PHILADELPHIA (Reuters) - Nokia Corp and Siemens AG failed to secure a deal for investors for a controlling stake in their unprofitable joint venture, The Wall Street Journal reported on Sunday.
The companies, which could not be immediately reached for comment, are now weighing investing more money in the venture, which is called Nokia Siemens Networks (NSN), the newspaper said in its electronic edition.
Talks to sell a controlling stake in the venture, which is the world’s No. 2 maker of wireless-networking gear, to a consortium that includes private-equity firms Gores Group LLC and Platinum Equity LLC are not expected to succeed, the newspaper said.
“Any potential investor would need to see some light at the end of the tunnel with regards to profitability for NSN,” Earl Lum, chief of telecom gear industry research firm EJL Wireless, told Reuters.
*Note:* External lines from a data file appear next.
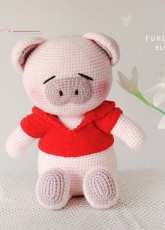 FukurouCrafts - Pig - English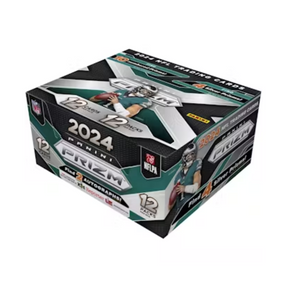 2024 Panini Prizm Football Hobby 12 Box Case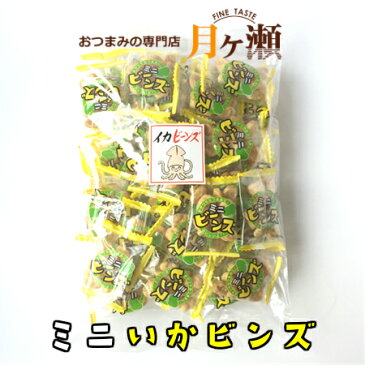 徳用ミニいかビンズ 250g おつまみ お菓子 個包装 業務用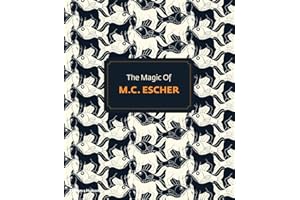 The Magic of M C Escher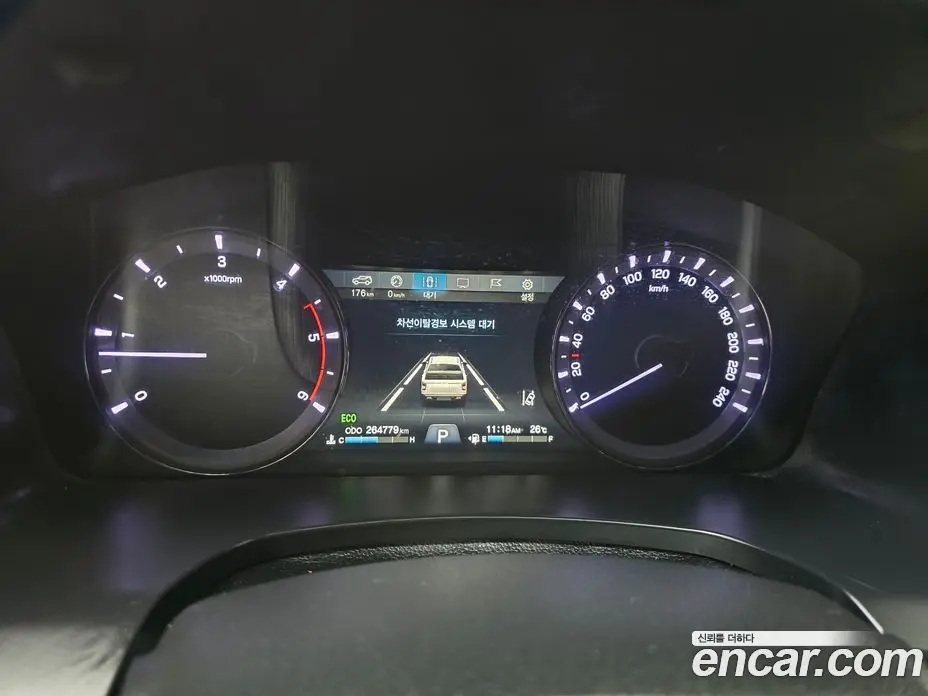 SsangYong Rexton 2019 2.2 автомат (гидро), фото 8 SsangYong Rexton 2019 2.2 автомат (гидро), фото 8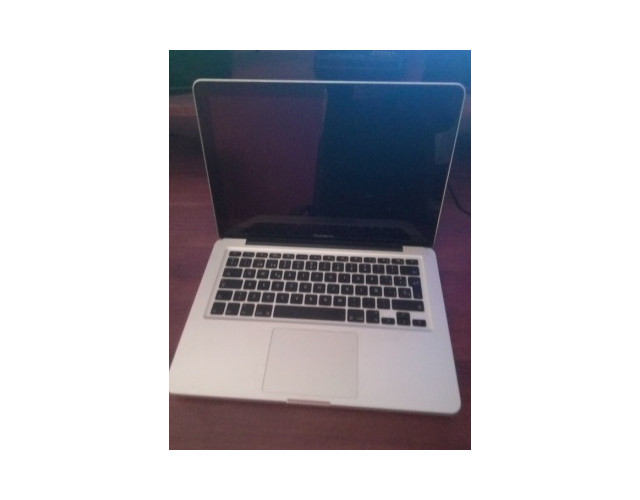 MacBook Pro 2010 Ssd256+HD750,16GB+Interface Presonus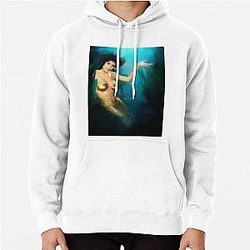Charmed Mermaid Pullover Hoodie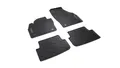 Original VW Taigo Allwetterfußmatten-Set vorne + hinten 2G7061500  82V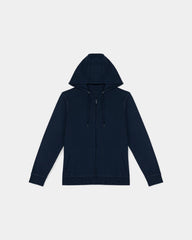 Customizable Zip-Up Hoodie Made in Europe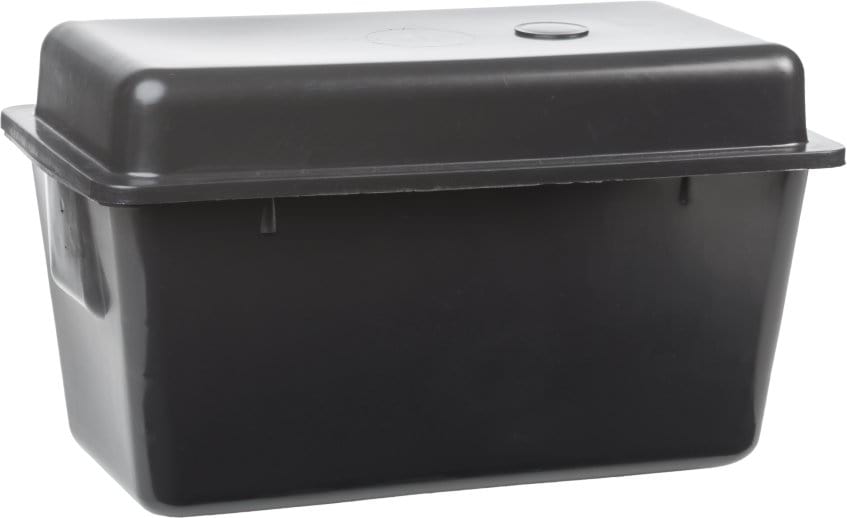 SERBATOIO LT.8 + COPERCHIO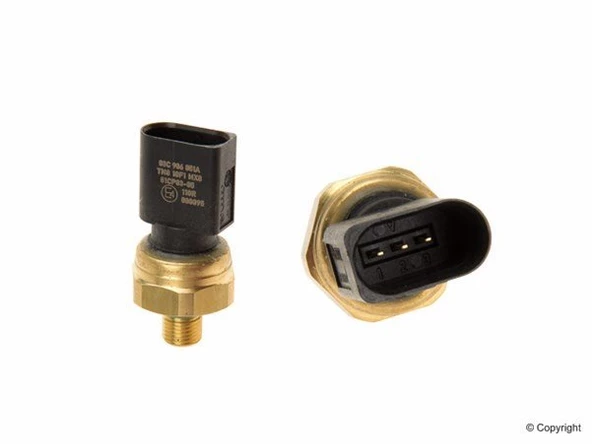 Audi A3 Mazot Basinç Sensörü (2003-2008) 1.6, 1.6 FSI 03C906051A ürün görseli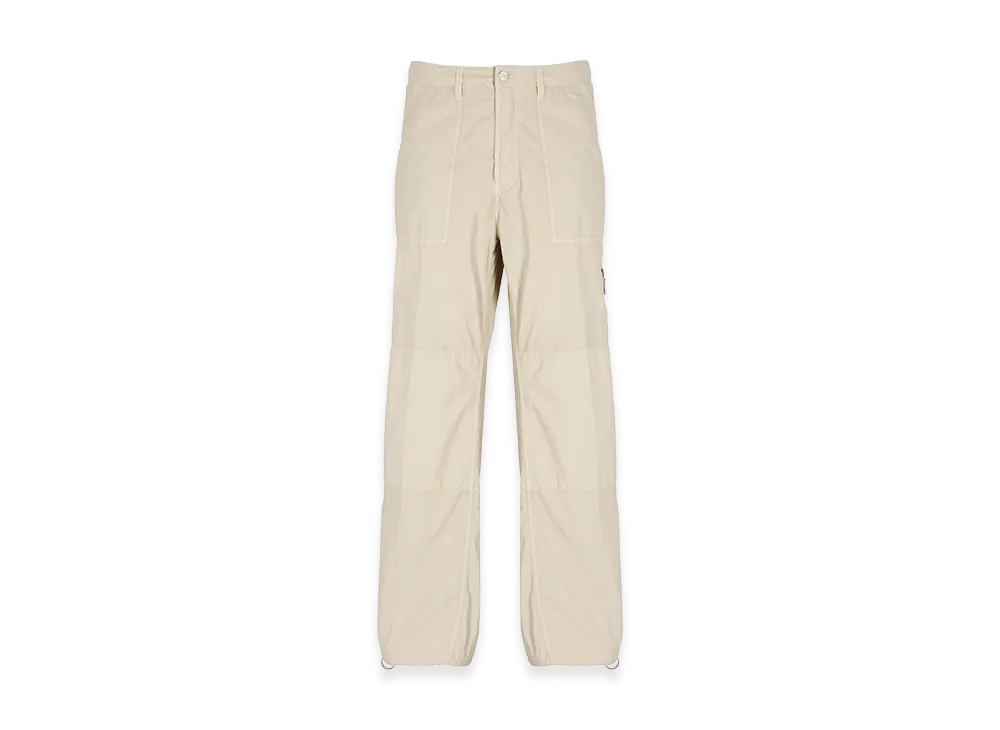 Stone Island Trousers "Beige"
“In light of the fact that the company has only recorded profitability in two quarters since 2007, we believe that investors are uncomfortable with the current valuation that Nokia and Siemens are seeking for NSN,” Lum said.
Nokia and German industrial group Siemens merged their telecom equipment businesses on a 50-50 ownership basis in 2007 in a six-year deal, hoping to quickly reach double-digit margins, but the venture has struggled to make a profit.
Nokia and Siemens each owns half of the business, but Nokia holds four of the seven board seats. With Nokia Siemens Networks losing nearly $1 billion last year, the sale of a majority stake would have let Nokia eliminate a major drag on its financial results, the newspaper said.
Siemens has been frustrated with its partner’s inability to find a solution and Siemens could take control of the joint venture, the newspaper said.
Private equity firms KKR and TPG still could strike a deal that would involve them taking a small stake in Nokia Siemens, the newspaper said.
The Financial Times reported earlier this month that the two private equity firms had decided against bidding for a stake in the venture after failing to agree on price and level of control.
Earlier this month, Nokia said it was in talks with “multiple parties” about its stake in Nokia Siemens Networks.